**WHAT THE TASK REQUIRES:** Only the lines from the one containing "Kütahya'da bir kişinin" through the end of the data are wanted, reproduced exactly and without pictures.

**DATA SECTION:**
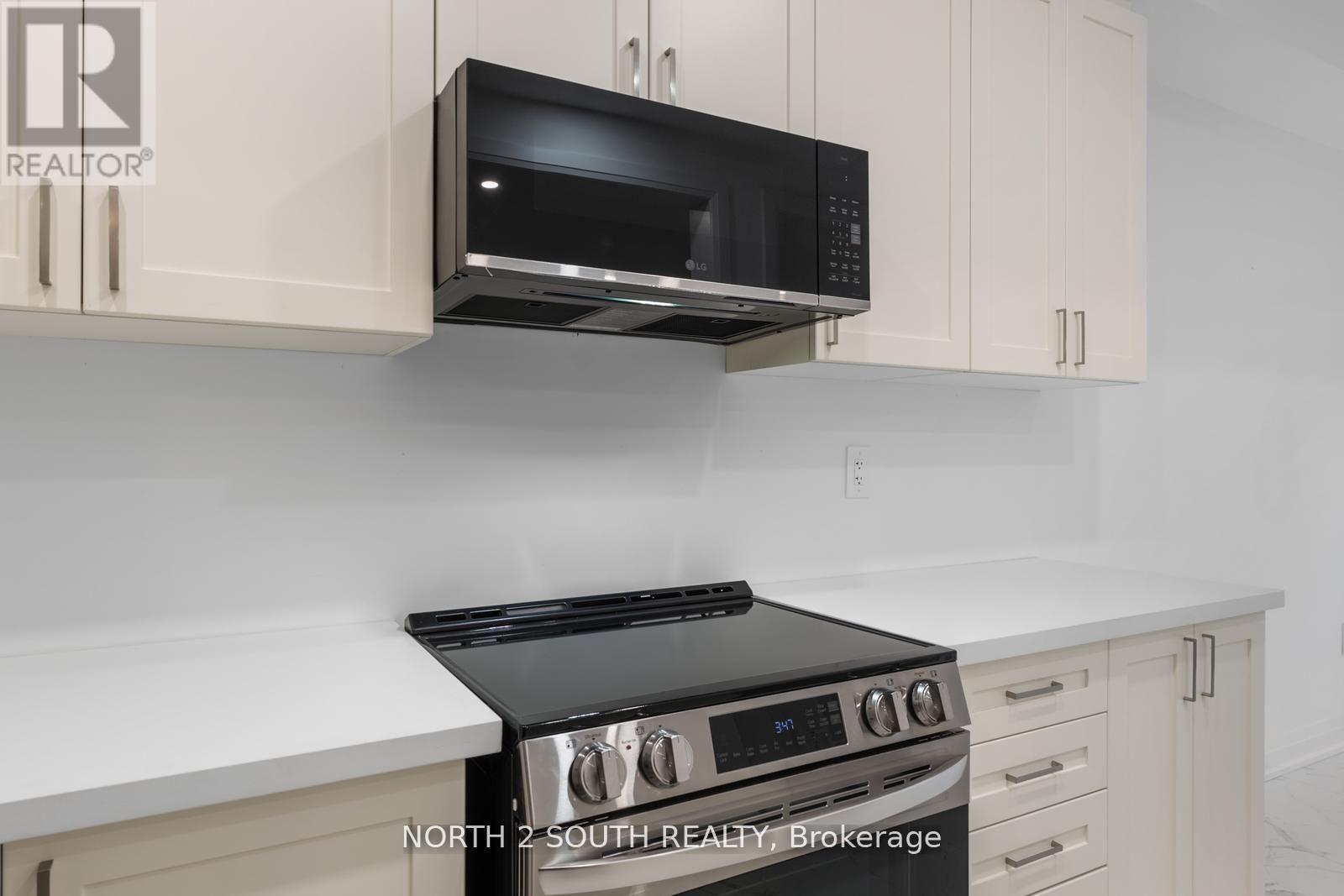 27 Virro Court, Vaughan (West Woodbridge), Ontario  L4H 5G5 - Photo 18 - N12635094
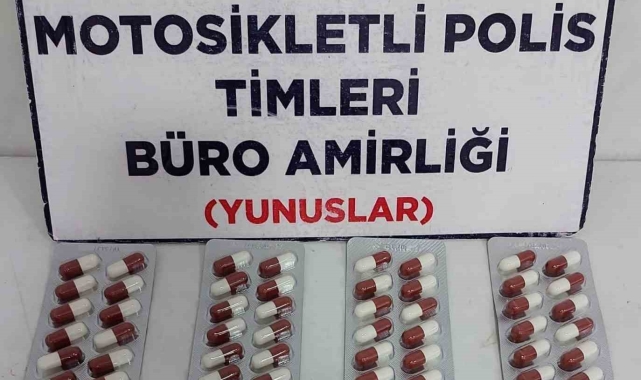 Kütahya'da bir kişinin üzerinde 56 adet galara isimli kapsül ele geçirildi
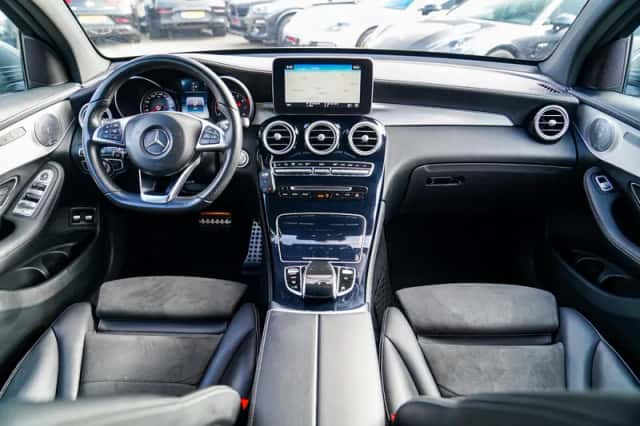 Mercedes-Benz Benz (2016) thumbnail 2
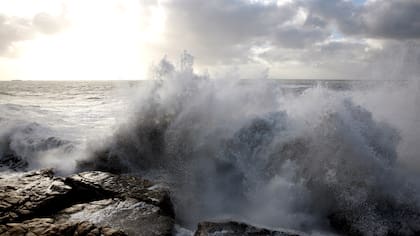 Soñar con olas gigantes señala la importancia de afrontar los problemas y no escapar de ello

**EXERCISE SOLUTION:**
 Kütahya'da bir kişinin üzerinde 56 adet galara isimli kapsül ele geçirildi
 Mercedes-Benz Benz (2016) thumbnail 2
 Soñar con olas gigantes señala la importancia de afrontar los problemas y no escapar de ello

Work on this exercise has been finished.